**How to complete this task**: List the lines of this listing that hold the word "Drive".

**Extracted material**:
☆ ☆ ☆

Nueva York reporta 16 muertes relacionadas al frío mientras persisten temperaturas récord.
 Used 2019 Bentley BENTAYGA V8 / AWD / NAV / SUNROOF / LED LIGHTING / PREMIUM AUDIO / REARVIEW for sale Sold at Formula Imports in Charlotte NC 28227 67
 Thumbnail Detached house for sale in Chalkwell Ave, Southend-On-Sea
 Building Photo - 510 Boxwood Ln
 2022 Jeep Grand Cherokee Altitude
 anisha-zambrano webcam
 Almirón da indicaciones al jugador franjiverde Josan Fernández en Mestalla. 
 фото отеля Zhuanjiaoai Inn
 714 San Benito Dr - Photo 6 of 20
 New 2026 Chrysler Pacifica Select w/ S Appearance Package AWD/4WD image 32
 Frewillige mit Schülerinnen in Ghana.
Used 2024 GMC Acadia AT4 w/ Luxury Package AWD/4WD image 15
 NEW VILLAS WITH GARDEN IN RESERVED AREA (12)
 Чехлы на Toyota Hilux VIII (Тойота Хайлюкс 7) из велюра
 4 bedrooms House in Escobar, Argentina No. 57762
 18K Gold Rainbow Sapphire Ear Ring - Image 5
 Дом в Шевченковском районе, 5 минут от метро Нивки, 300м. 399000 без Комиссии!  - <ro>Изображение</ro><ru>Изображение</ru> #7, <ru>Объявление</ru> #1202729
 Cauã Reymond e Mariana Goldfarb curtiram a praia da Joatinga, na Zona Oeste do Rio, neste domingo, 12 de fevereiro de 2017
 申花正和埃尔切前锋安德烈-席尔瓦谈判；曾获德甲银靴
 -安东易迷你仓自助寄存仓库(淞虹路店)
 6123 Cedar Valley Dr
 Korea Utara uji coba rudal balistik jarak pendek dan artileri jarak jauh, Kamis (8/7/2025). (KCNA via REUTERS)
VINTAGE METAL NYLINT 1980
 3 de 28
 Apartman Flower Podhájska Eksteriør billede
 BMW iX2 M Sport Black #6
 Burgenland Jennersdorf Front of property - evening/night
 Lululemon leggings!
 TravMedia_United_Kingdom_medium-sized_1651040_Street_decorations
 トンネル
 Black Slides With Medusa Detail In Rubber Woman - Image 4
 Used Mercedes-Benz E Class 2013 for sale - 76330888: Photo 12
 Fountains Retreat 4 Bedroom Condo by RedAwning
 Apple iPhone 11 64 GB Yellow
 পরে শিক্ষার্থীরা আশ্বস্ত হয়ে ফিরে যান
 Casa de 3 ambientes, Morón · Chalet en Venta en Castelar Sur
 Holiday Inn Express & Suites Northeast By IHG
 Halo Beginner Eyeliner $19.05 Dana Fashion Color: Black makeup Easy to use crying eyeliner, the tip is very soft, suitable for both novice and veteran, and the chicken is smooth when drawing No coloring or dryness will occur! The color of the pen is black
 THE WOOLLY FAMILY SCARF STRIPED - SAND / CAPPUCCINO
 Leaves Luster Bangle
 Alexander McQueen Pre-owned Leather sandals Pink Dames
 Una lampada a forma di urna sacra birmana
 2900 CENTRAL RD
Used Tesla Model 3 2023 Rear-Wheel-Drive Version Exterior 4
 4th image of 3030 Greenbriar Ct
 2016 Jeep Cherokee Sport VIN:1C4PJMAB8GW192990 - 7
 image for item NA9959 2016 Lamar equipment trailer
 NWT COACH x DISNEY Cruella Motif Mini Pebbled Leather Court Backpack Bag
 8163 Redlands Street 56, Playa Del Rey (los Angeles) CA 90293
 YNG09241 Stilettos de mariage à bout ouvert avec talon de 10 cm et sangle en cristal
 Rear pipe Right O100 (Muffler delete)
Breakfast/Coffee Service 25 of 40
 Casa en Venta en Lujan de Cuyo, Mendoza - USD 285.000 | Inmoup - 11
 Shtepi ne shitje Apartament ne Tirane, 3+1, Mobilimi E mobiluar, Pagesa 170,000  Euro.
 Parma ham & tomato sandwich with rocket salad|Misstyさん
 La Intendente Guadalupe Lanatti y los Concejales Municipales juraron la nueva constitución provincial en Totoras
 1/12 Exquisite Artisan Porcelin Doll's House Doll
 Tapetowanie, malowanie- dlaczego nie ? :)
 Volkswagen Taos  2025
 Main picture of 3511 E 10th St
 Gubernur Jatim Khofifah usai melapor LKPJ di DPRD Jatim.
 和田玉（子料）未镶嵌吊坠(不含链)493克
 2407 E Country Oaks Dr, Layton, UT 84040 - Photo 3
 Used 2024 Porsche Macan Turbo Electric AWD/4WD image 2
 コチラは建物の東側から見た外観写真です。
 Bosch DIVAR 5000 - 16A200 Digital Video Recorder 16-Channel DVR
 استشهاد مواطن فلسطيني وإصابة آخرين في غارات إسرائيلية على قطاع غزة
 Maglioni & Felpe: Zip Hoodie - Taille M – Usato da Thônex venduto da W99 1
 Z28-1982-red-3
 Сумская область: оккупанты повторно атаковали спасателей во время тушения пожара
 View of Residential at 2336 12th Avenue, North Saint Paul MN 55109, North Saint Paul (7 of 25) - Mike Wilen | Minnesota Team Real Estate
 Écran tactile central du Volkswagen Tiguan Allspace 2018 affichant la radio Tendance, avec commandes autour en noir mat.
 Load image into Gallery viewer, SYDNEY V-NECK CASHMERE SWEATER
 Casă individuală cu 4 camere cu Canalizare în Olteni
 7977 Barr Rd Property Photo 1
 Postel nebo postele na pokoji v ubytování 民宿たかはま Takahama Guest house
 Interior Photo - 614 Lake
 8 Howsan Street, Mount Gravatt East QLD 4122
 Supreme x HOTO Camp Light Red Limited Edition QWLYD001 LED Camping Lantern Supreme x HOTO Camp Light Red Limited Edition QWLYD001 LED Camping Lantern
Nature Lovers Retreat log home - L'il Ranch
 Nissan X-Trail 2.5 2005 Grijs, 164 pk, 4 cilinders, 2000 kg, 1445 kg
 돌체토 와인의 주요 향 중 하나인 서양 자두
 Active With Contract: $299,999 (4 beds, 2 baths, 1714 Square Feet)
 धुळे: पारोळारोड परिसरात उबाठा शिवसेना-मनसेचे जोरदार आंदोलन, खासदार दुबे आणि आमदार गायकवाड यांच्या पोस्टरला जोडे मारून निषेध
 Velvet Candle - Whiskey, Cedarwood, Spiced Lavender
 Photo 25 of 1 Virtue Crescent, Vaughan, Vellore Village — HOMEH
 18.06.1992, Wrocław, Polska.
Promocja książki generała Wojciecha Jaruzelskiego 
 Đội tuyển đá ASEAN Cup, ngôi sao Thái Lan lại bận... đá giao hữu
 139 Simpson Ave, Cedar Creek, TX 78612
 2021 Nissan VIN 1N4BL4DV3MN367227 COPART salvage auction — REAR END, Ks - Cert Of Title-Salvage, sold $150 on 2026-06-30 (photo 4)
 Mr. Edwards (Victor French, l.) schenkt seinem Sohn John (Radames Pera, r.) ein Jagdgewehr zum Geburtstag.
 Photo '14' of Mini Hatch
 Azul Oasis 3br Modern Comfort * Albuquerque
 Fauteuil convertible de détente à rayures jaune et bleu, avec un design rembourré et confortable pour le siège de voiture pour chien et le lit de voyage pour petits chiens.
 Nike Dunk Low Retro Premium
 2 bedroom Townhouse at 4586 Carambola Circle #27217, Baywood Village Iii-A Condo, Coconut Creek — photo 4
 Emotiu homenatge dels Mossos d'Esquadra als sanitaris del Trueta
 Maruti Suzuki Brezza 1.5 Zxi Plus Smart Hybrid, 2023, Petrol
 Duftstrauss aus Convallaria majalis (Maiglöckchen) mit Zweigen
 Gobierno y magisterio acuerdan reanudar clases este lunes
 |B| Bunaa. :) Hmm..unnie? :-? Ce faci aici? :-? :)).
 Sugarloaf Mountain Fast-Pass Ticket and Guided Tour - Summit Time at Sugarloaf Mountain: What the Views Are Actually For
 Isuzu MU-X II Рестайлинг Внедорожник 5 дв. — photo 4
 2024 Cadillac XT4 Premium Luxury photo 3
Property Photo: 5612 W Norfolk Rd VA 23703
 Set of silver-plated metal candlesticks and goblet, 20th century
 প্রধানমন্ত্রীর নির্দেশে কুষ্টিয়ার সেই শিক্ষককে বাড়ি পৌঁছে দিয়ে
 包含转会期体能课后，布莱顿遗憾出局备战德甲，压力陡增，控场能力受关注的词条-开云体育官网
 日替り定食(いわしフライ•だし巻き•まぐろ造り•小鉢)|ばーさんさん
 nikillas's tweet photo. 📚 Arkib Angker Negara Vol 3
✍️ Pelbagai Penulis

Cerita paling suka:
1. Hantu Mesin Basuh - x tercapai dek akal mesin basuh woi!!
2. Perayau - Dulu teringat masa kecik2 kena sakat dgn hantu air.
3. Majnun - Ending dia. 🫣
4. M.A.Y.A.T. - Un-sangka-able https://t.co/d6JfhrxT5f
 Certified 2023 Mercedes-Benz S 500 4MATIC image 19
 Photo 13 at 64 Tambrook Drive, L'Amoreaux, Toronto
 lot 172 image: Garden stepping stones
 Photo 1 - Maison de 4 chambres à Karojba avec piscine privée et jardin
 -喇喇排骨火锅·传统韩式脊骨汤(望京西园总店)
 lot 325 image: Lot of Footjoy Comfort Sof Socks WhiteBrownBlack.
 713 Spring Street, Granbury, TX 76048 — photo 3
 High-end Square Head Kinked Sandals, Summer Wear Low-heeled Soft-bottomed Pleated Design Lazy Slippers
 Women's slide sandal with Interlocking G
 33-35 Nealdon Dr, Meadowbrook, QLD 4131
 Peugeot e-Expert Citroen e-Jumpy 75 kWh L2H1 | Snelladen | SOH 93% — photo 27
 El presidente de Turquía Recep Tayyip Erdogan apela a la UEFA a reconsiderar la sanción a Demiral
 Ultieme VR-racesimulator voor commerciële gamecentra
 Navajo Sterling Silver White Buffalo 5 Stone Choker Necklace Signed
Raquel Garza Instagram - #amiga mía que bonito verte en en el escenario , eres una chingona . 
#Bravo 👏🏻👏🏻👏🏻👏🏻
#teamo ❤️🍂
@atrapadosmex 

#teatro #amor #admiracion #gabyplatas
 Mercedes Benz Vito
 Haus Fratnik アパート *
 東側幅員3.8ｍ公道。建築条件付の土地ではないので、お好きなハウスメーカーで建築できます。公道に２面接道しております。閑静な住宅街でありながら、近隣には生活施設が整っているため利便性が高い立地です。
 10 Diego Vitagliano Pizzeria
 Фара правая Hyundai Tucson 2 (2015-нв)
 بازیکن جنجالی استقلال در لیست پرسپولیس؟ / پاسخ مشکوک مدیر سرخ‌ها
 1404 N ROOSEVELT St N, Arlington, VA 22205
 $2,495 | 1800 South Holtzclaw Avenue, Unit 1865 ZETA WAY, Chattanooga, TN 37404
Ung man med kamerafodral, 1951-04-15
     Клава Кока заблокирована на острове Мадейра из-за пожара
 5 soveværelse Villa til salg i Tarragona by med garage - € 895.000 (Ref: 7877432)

☆ ☆ ☆

**Result of this task**:
Used Tesla Model 3 2023 Rear-Wheel-Drive Version Exterior 4
 Photo 13 at 64 Tambrook Drive, L'Amoreaux, Toronto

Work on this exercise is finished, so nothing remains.